(Beginning of PROVIDED MATERIAL)

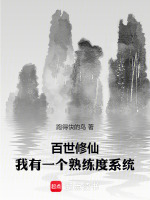 小说《百世修仙：从第九世寿尽而亡开始》封面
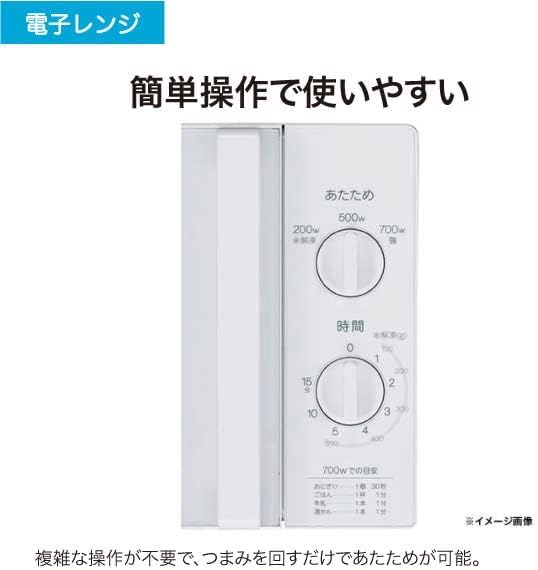 Amazon | (50Hz)17L電子レンジ 700W/500W/200Wの電子レンジ 出力3段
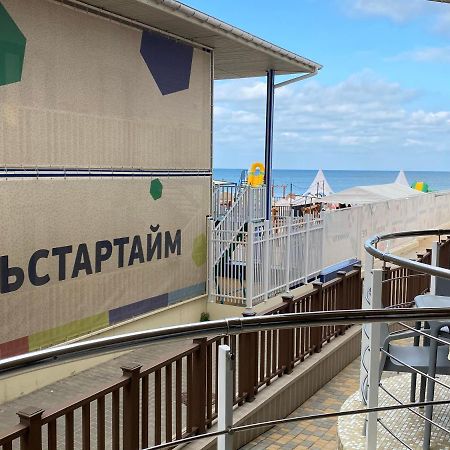 Residency Yuzhnaya Hotel Hribivka Kültér fotó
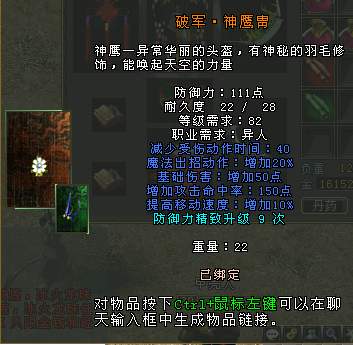 帝王三国的介绍应该从哪些方面入手 帝王三国的介绍应该从哪些方面入手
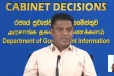 2030දී අපනයනයෙන් අමෙරිකානු ඩොලර් බිලියන 36 ක විදේශ විනිමය උපයන්න සැලැස්මක් - කැබිනට් අනුමැතිය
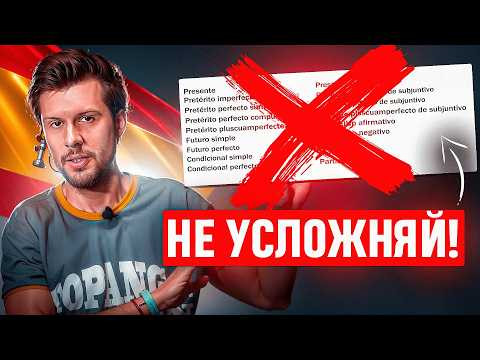 Испанский ПРОЩЕ, чем кажется: 4 БАЗОВЫЕ конструкции для любого разговора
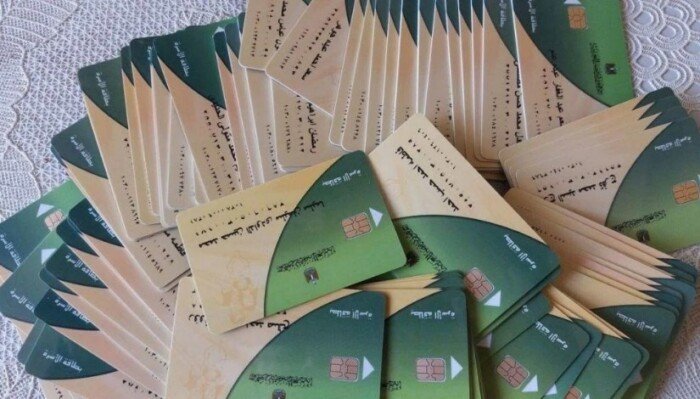 خطوات بسيطة لتحديث بطاقة التموين 2026 عبر الإنترنت بدون عناء وبكل سهولة ويسر لكل المواطنين المتضررين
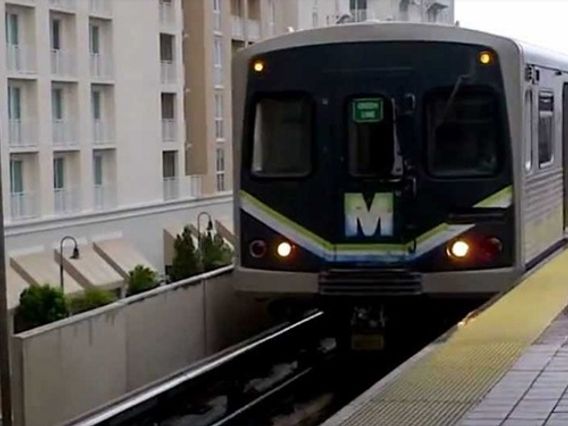 Dadeland South Metrorail photo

(End of PROVIDED MATERIAL)

TASK ITEM — Your output should be the full set of entries above, restated word for word and free of pictures.

SOLUTION —
 小说《百世修仙：从第九世寿尽而亡开始》封面
 Amazon | (50Hz)17L電子レンジ 700W/500W/200Wの電子レンジ 出力3段
 Residency Yuzhnaya Hotel Hribivka Kültér fotó
 帝王三国的介绍应该从哪些方面入手 帝王三国的介绍应该从哪些方面入手
 2030දී අපනයනයෙන් අමෙරිකානු ඩොලර් බිලියන 36 ක විදේශ විනිමය උපයන්න සැලැස්මක් - කැබිනට් අනුමැතිය
 Испанский ПРОЩЕ, чем кажется: 4 БАЗОВЫЕ конструкции для любого разговора
 خطوات بسيطة لتحديث بطاقة التموين 2026 عبر الإنترنت بدون عناء وبكل سهولة ويسر لكل المواطنين المتضررين
 Dadeland South Metrorail photo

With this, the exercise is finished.